In order to study the effect of MMPs on melanoma extravasation through the extracellular matrix, an assay was developed, which involved the extract from murine Engelbreth-Holm-Swarm sarcoma (Matrigel), to simulate the extracellular matrix. An optimal Matrigel volume was determined to allow monitoring the changes in melanoma migration as a result of inhibition of certain steps in the MMP activation pathway. The highly metastatic melanoma cell line (Lu1205) was used in the experiments.
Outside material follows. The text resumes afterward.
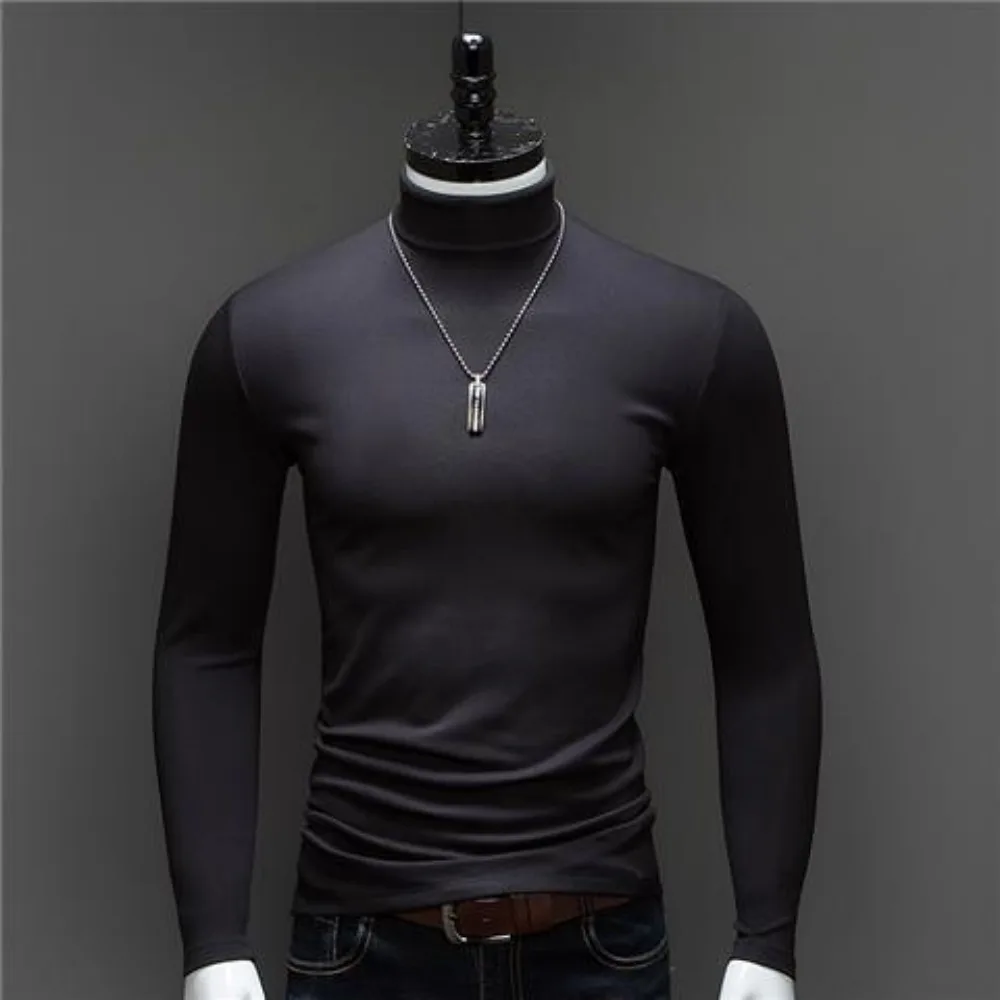 Роскошная модная мужская повседневная водолазка в стиле K-POP Базовая рубашка с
The study focused on the synergistic effect of MCP-1 and IL-8 on melanoma migration through the extracellular matrix. It was shown that blocking MCP-1 and IL-8 reduced the migration and invasion rate of Lu1205 cells. Additionally, it was shown that MMP-2 plays a crucial role in melanoma extracellular matrix digestion. In order to account for incomplete migration of Lu1205 through the Matrigel, a modified flow chamber was designed.